Jones admits “we're not perfect” and says, “I do think sometimes there are subtleties in websites that are hard for search engines to understand.”
But he says Google is getting better at recognising things like pictures on websites without having to be told what the pictures are about through key words.
“All the ongoing upgrades to Google Panda mean that in designing a website and trying to figure out what we want to see, it has less effect,” he says.
“So the truth is it's more important to just make your website a good one.”
3. The need for speed
A business website has to be easy to find but it also has to be easy to load, according to Jones.
“We've started punishing websites a little bit on ranking if they're slow to load,” he says.
“So if you have an underpowered computer and you own a website, you might want to upgrade your computer server so it responds quickly to users.
4. Use localised cues
With more and more users accessing the internet through mobile devices, Jones says localised information is going to become increasingly important on business websites.
“If you use Google Maps on a smartphone the map not only knows all about Australia, but it also knows about the businesses in Australia where you are,” says Jones.
“So you might find that we could give you information you would not otherwise find, or we would not be able to tell you if we weren't there with you.”
He gives the example of typing in “Where is the best restaurant?” when you are standing in Darling Harbour and the question could be the best in Australia or in Darling Harbour, but because Google can tell you are in Darling Harbour it can give more guidance.
“There are a lot of things like that, so the use of location to guide searching, the use of patterns or time of day to guide searches are a lot more intelligent in the search process,” says Jones.

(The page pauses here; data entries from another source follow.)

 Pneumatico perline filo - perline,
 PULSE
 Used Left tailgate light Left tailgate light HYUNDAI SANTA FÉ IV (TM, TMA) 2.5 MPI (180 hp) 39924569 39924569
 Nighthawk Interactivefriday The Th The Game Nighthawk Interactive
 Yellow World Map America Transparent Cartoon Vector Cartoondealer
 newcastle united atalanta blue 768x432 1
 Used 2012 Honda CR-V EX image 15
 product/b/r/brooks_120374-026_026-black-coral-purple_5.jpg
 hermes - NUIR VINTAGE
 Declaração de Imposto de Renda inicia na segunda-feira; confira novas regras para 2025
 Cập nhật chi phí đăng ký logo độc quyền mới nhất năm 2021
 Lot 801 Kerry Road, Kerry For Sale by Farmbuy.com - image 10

He says Google is going to continue taking users behaviour into account when searching. So if a user is at the Sydney Opera House walking towards a water taxi, in the future, Google could presume that you are thinking about taking a water taxi and will show you the water taxi schedule.
“Maybe you don't have to search for it,” he says.
“Maybe when a person is walking toward the ferry, maybe we should tell them about the ferry schedule.
“If they stop on a street corner maybe we should tell them where the nearest taxi stand is.
“It's reasonable, I think, to have us guess at what you might want to know, and right now we try to guess at the best answer to what you could ask for.”
Jones says there is a difference between those two concepts but he thinks the difference will be met through mobile search.
5. Pay attention to what users are saying online about your business
There’s an increasing trend by Google to integrate information posted by users online into its listings, evident in Google’s acquisition of restaurant listing business Zagat and travel listing business Frommer’s.
“The big news in local searching is trying to get information from customers about businesses and guide future customers about those same businesses,” says Jones.
This means that when you perform a search on a restaurant you have something to guide your selection criteria. That includes the Google web ranking, which Jones says is not about the pages that Google likes, it's about the pages that Google has found from internet users across the world.
“So a way to get access to that data is a way to help Google Maps users that contribute to that data, and whatever our users discover adds to that, for everybody's convenience,” he says.
He gives the example of a user hiking in New Zealand and Google using information from Frommer’s to give details of a side trip to go and see a waterfall.
“Those aren't always things that Google has any way to find out, other than to have Google users tell us so that we can tell you,” Jones says.